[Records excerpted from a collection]
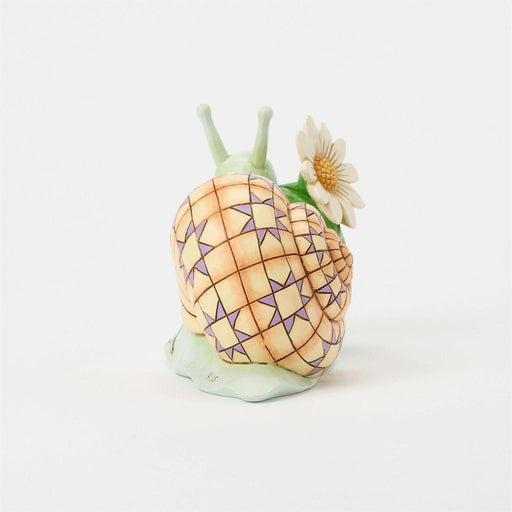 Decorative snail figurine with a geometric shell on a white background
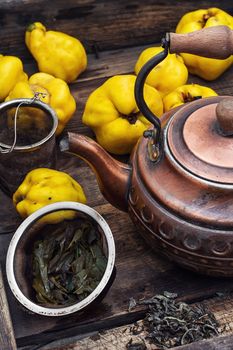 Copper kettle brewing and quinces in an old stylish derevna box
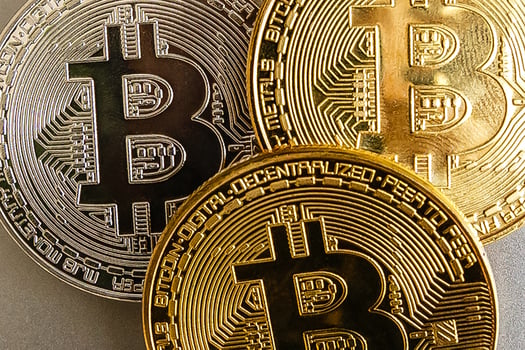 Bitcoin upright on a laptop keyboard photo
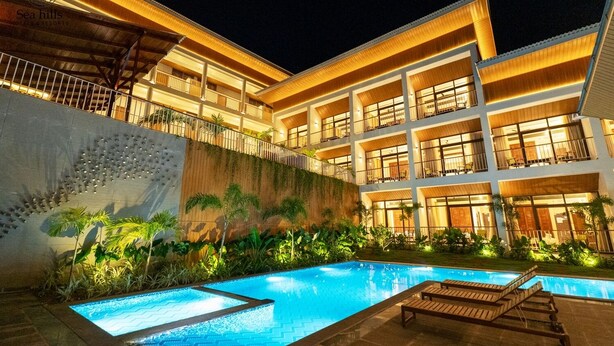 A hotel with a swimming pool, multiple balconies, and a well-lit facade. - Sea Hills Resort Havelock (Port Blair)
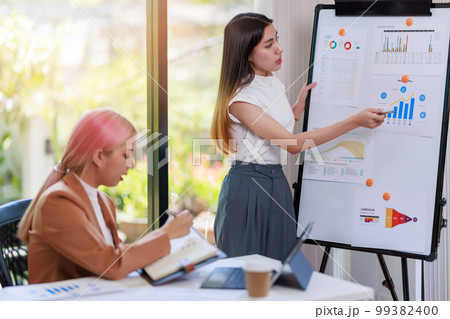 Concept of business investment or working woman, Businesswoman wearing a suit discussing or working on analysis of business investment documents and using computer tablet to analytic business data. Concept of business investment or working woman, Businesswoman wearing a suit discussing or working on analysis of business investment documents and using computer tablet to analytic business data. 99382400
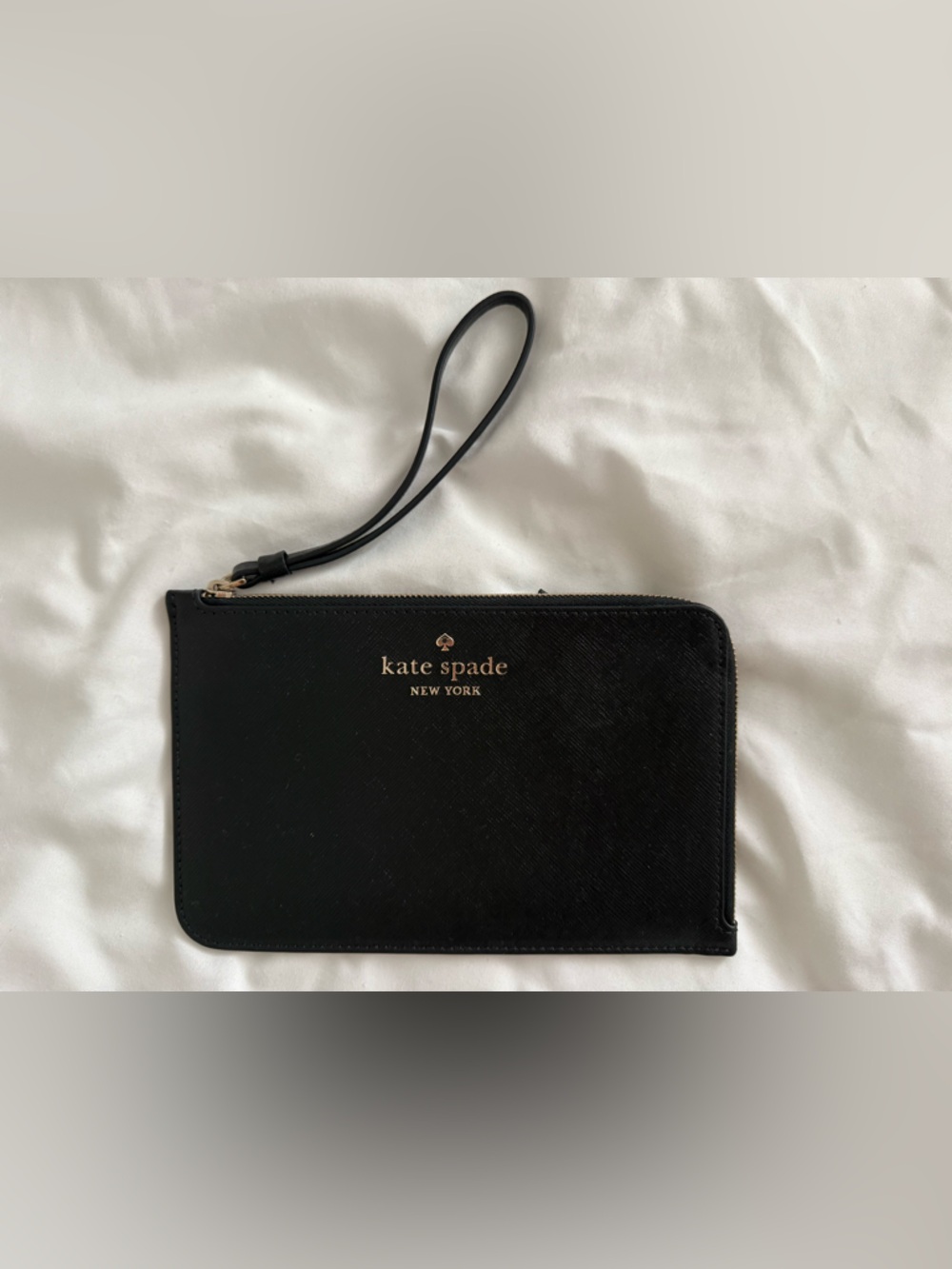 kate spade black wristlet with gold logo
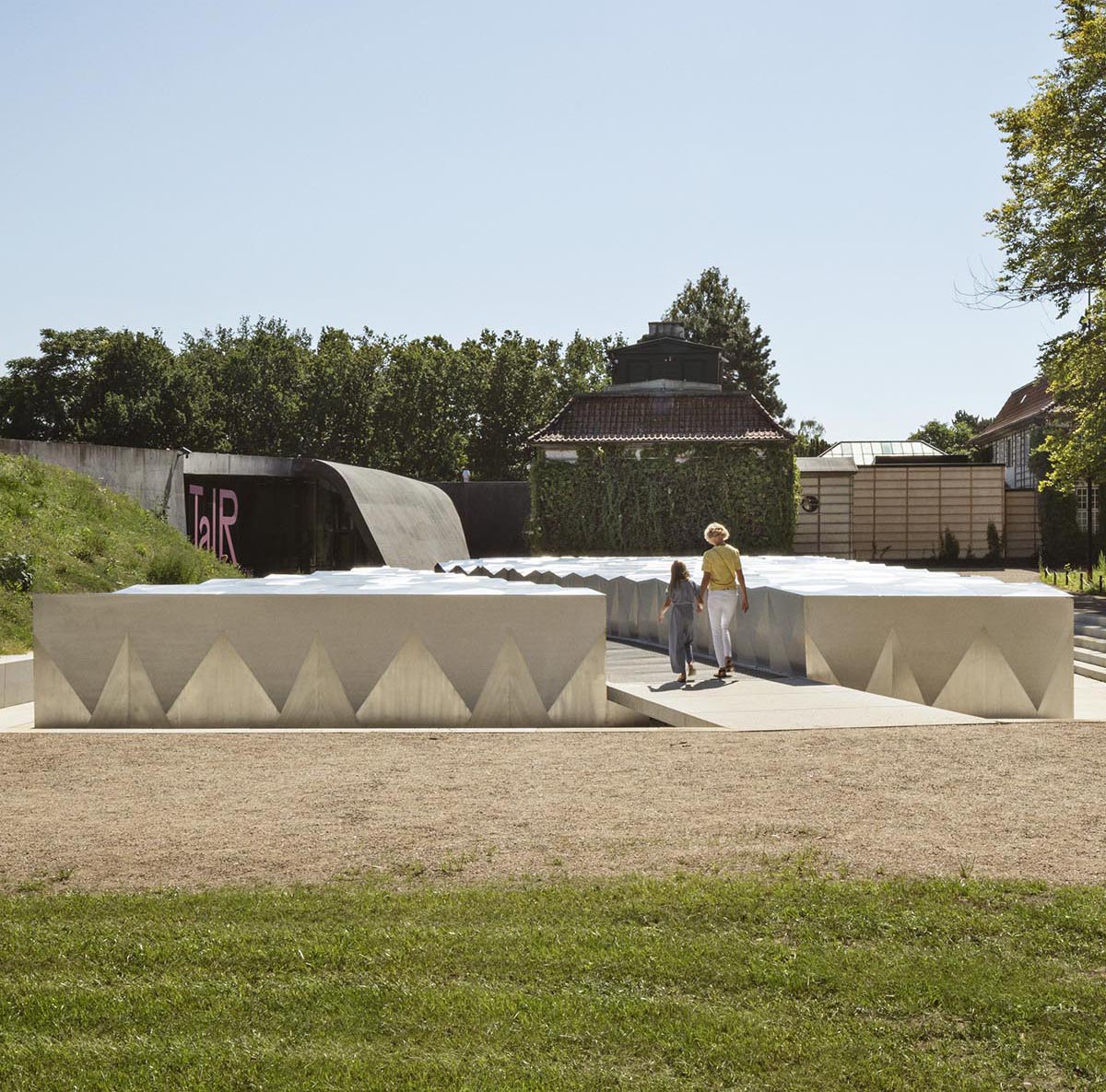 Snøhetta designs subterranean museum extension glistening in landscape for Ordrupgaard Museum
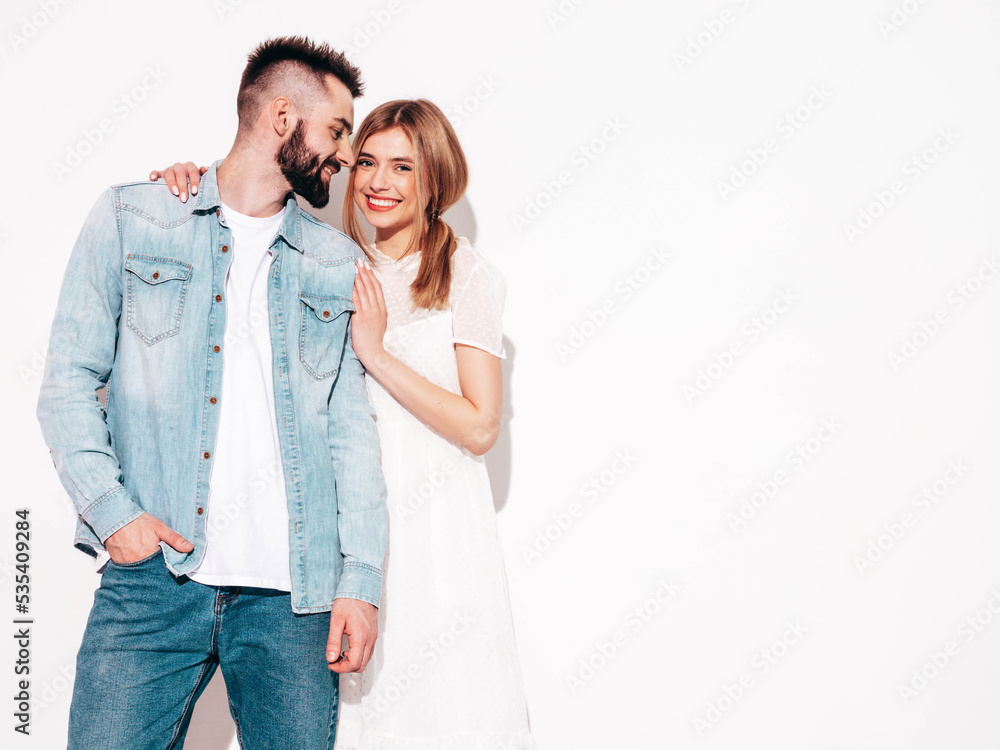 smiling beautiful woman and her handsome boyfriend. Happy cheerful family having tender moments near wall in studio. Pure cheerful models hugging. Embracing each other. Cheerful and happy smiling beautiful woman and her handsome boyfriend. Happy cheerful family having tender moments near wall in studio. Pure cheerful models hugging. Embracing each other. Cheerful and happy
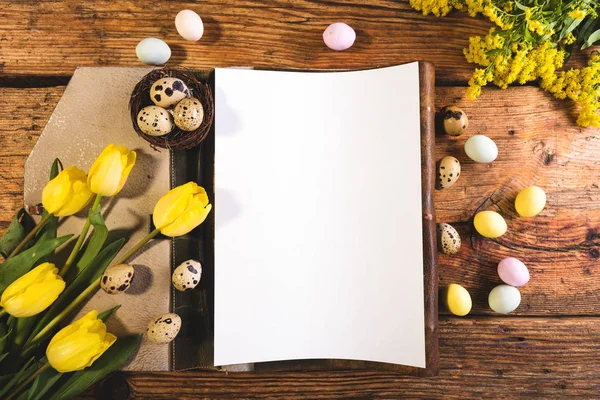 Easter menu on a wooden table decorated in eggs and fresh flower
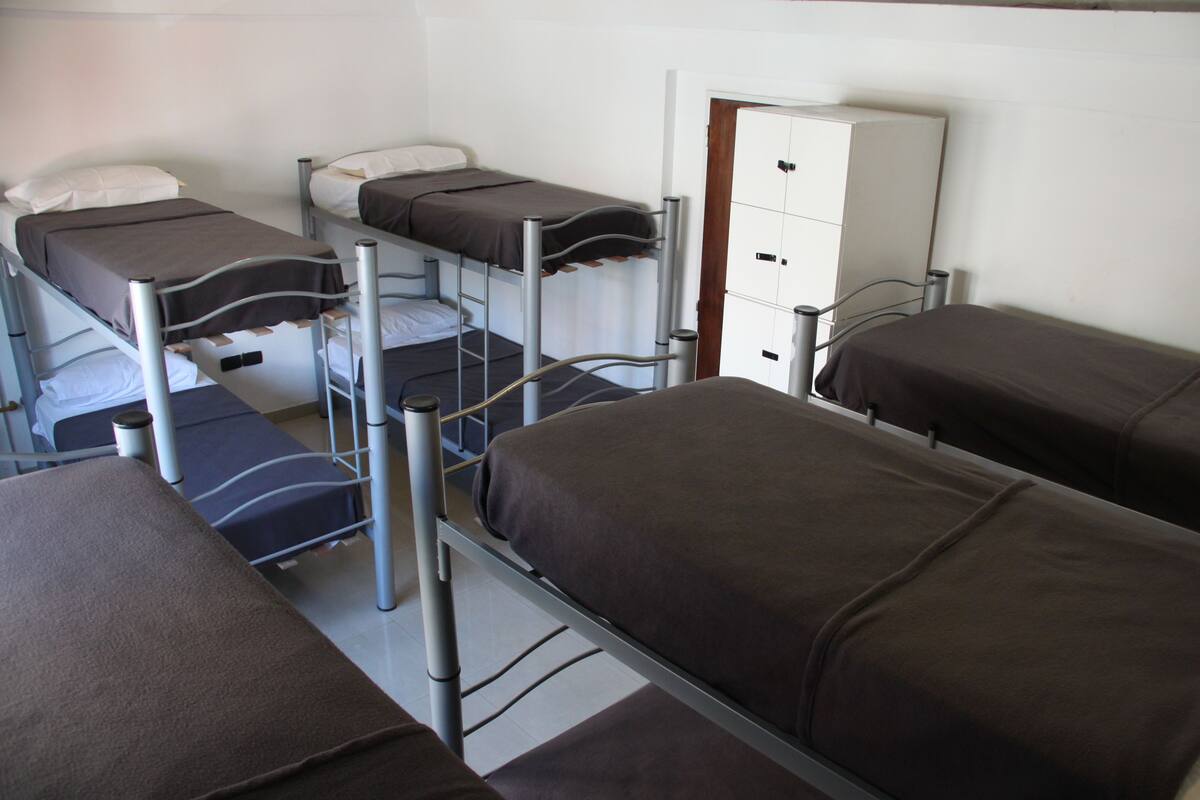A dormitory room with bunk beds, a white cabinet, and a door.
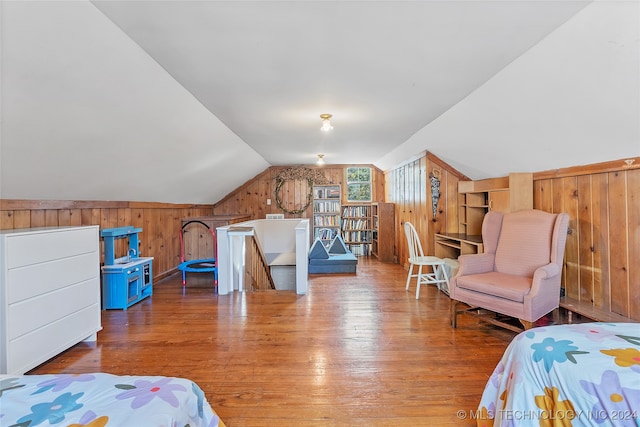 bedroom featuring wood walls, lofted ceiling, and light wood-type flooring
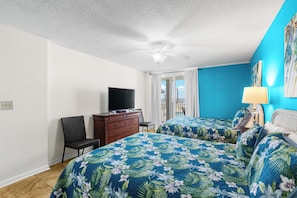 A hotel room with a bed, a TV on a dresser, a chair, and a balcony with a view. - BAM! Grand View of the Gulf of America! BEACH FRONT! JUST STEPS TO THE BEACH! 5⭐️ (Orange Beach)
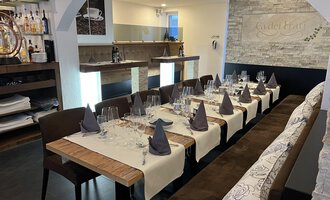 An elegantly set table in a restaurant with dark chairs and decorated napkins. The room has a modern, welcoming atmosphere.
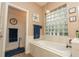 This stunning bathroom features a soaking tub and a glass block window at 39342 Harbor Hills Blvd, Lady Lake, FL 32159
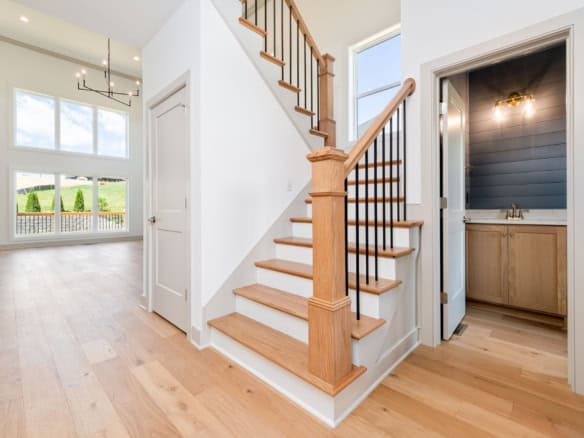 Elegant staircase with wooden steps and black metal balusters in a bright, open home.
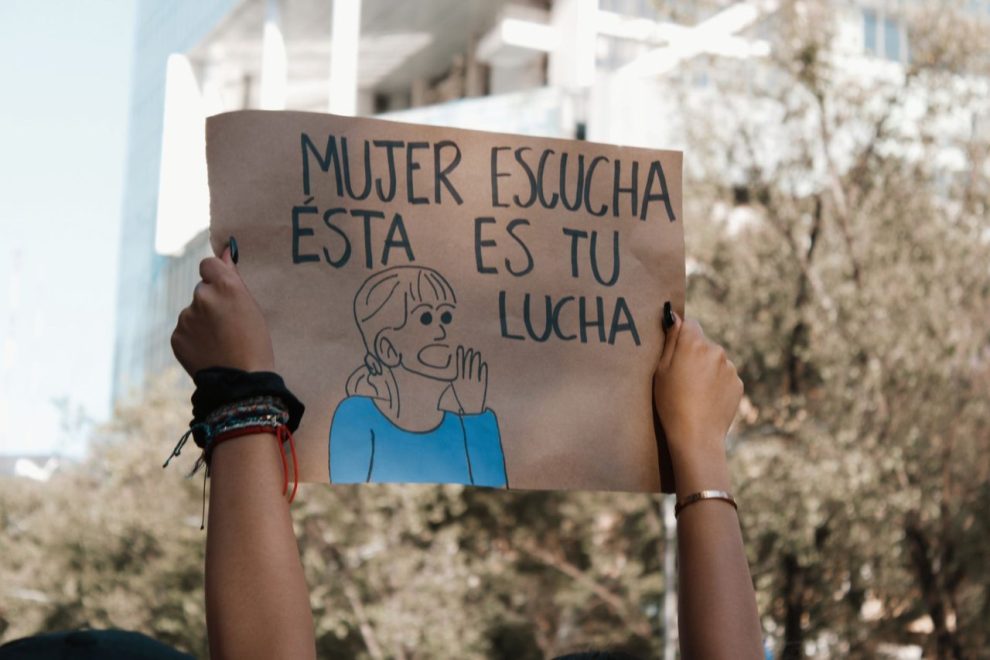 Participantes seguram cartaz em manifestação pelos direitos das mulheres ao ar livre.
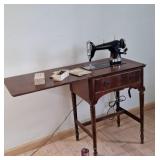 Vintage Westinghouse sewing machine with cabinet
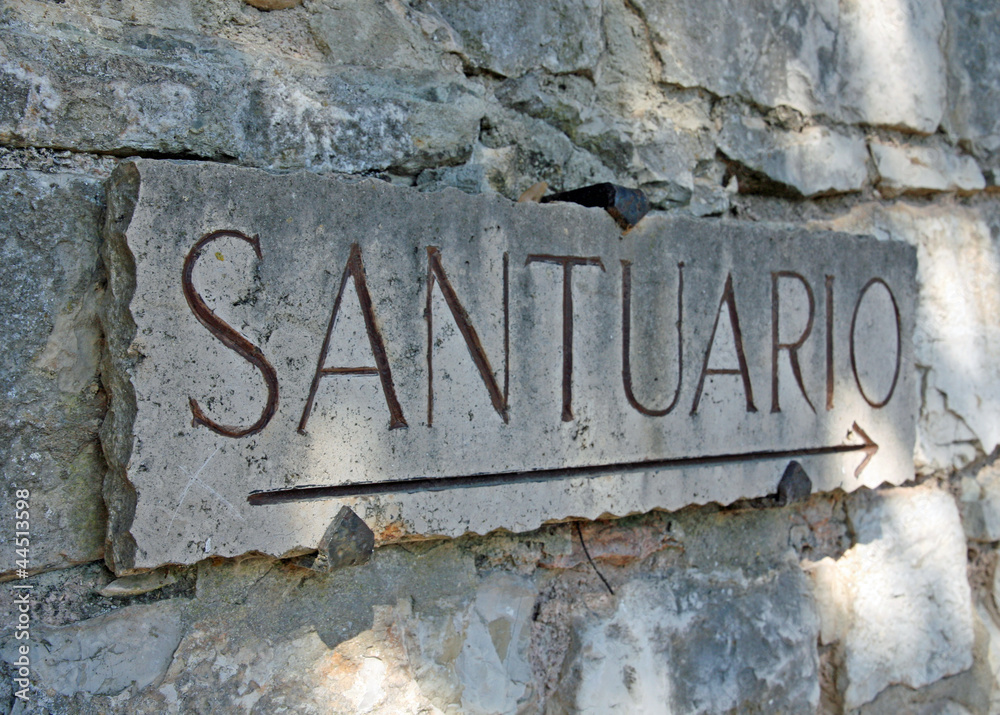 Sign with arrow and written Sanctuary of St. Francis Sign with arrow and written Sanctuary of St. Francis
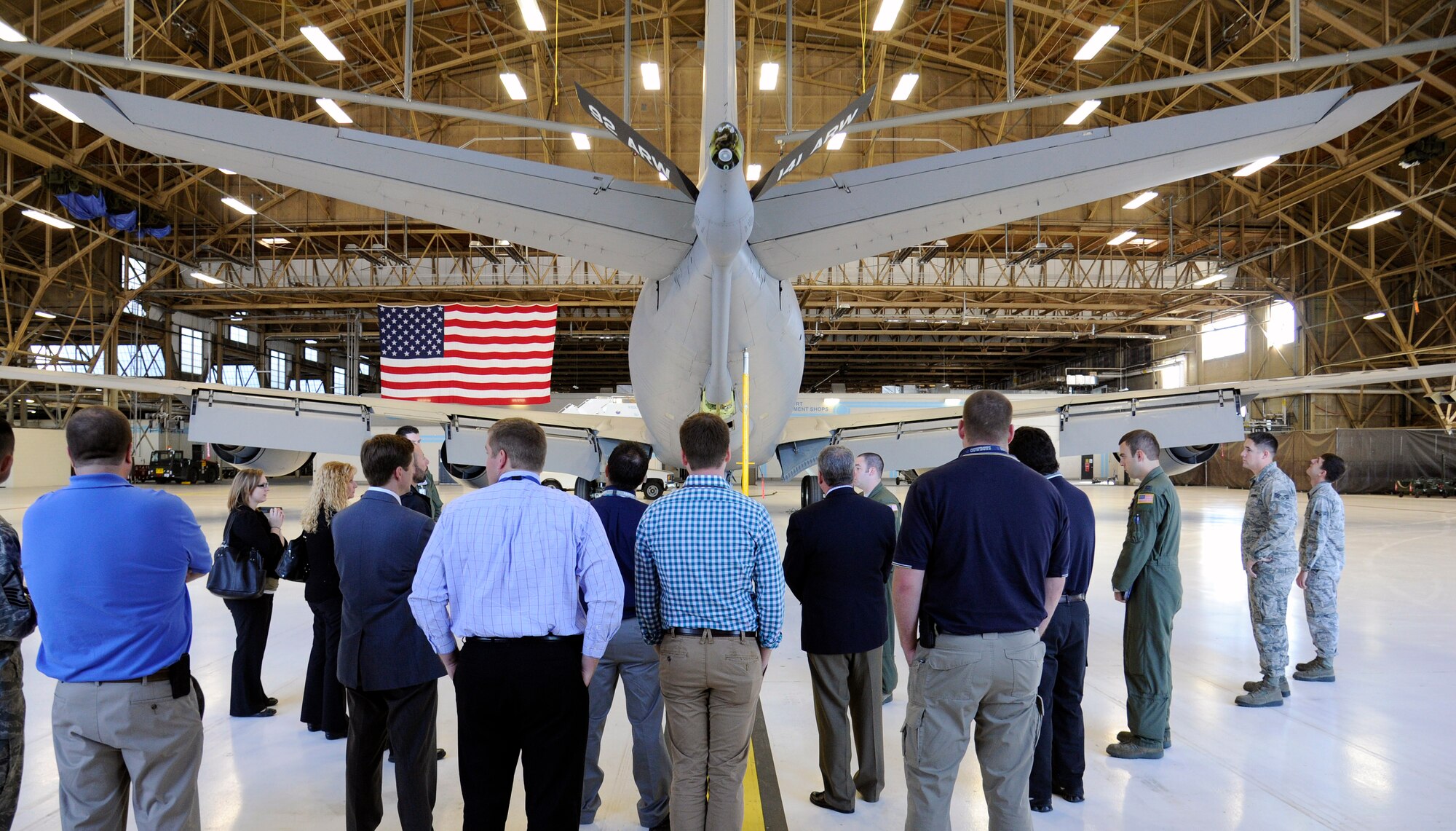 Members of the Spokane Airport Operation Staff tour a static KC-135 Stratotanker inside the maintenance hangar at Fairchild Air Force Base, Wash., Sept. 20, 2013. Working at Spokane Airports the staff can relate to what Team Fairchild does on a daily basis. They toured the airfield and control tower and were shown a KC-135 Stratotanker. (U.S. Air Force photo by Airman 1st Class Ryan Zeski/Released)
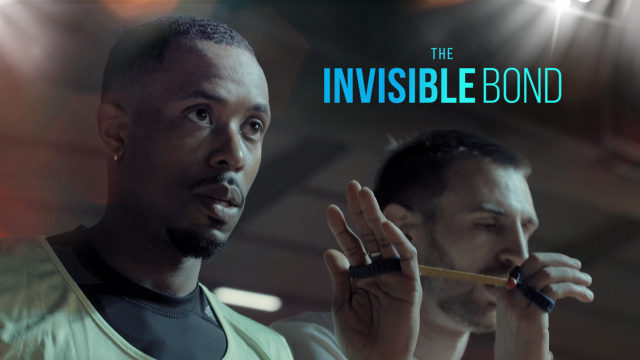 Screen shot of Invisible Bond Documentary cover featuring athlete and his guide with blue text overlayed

» Problem statement: For this exercise, set down the lines in the entries above from the one with "Copper kettle brewing" through the one with "Snøhetta designs subterranean" exactly as written, without any pictures.

» Reply:
 Copper kettle brewing and quinces in an old stylish derevna box
 Bitcoin upright on a laptop keyboard photo
 A hotel with a swimming pool, multiple balconies, and a well-lit facade. - Sea Hills Resort Havelock (Port Blair)
 Concept of business investment or working woman, Businesswoman wearing a suit discussing or working on analysis of business investment documents and using computer tablet to analytic business data. Concept of business investment or working woman, Businesswoman wearing a suit discussing or working on analysis of business investment documents and using computer tablet to analytic business data. 99382400
 kate spade black wristlet with gold logo
 Snøhetta designs subterranean museum extension glistening in landscape for Ordrupgaard Museum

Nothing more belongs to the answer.